We made these changes after the game was released, which was pretty scary. This patch came in 1.2 or 1.3 and I stayed up all night the night it went live.

It took us about a year and a half to come up with guidelines for the use of ECS, as in the previous authoritative example, but we needed to adapt some of the existing code to the new architecture. These guidelines include: components have no functions; The System has no state. Shared code goes into Utils; Complex side effects in components are queued off, especially singleton components; System cannot call other System functions, not even our own named System, which Blizzard shared a few years ago.

 

There is still a large amount of code that does not conform to this specification, so it is not surprising that it is a major source of complexity and maintenance. You can see this by looking at the number of code changes or bugs.

So, if you have legacy code that doesn’t fit into the ECS specification, you should definitely not use it. Keep subsystems clean and do not create any proxy components to encapsulate them.

Different systems are designed to solve problems in different ways.

ECS is a tool that integrates a large number of systems, and improper System design principles should not be adopted.

 

ECS is designed to integrate and decouple a large number of modules. Many systems and their dependent components are shaped like icebergs.
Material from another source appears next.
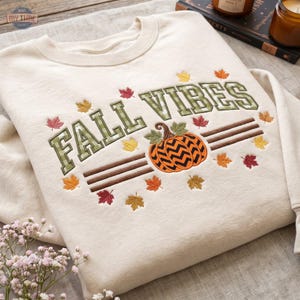 Op de afbeelding: Een crèmekleurige sweater met ronde hals en geborduurde tekst FALL VIBES in een groen ruitpatroon. Onder de tekst staat een oranje pompoen met een zwart chevronpatroon, omringd door kleine geborduurde herfstbladeren in rood, oranje en geel.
Iceberg components have very little surface exposure to other ECS ‘systems, but they actually have a large number of states, agents, or data structures inside that are inaccessible to the ECS layer.

 

The size of these icebergs is quite obvious in the threading model, where most of the ECS work, such as updating the System, takes place on the main thread (top of Figure 58). We also use a lot of multi-threading techniques like fork and join. In this example, a character fires a lot of projectiles, and the script System says we need to generate some projectiles, and creates a few worker threads to do that. And here’s the ResolvedContactSystem trying to create some collision effects, and it took several worker threads to do it.

 

The behind-the-scenes work of the projectile simulation has been isolated and invisible to the upper ECS, which is good.

Another cool example is AIPetDataSystem, which uses fork and join nicely. At the ECS level, there’s just a little bit of coupling, maybe saying “Hey, this is a breakable door, you might need to rebuild paths in these areas,” but there’s a lot of work behind the scenes, like getting all the triangles, rendering and trimming, None of this has anything to do with ECS, and we shouldn’t put ECS in those problem areas, we should figure it out ourselves.

The video here demonstrates the PathValidationSystem, where the Path is all these blue blocks on which the AI can walk. Paths are not only used for AI, but also for many hero abilities. Therefore, data synchronization between these paths is required between the server and the client.

 

The Zen Yata in the video will destroy these objects here, and you’ll see the damaged objects fall below the surface. And then the doors there will open and we’ll glue those surfaces together. The PathValidationSystem simply says, “Hey, the triangle has changed.” Then all the data will be used to reconstruct the path behind the iceberg.

And now I’m ready to end today’s sharing.

 

ECS is the glue that holds Overwatch together, and it’s cool because it helps you integrate a lot of disparate systems with minimal coupling. If you are going to use ECS to define your specification, in fact, no matter what architecture you want to use to quickly define your specification, only a few programmers will need access to physical system code, script engines, or audio libraries. But everyone should be able to use the glue code and integrate the system together.

By imposing these limits, success can be achieved.

 

As it turns out, network synchronization is really complicated, so it has to be decoupled from the rest of the engine as much as possible, and ECS is a good way to solve this problem.

Finally before I take my questions, I’d like to thank our team members and especially the Gameplay engineers for taking 3 years to create such a beautiful piece of art. We worked together to create principles, architecture evolved, and the results were there for all to see.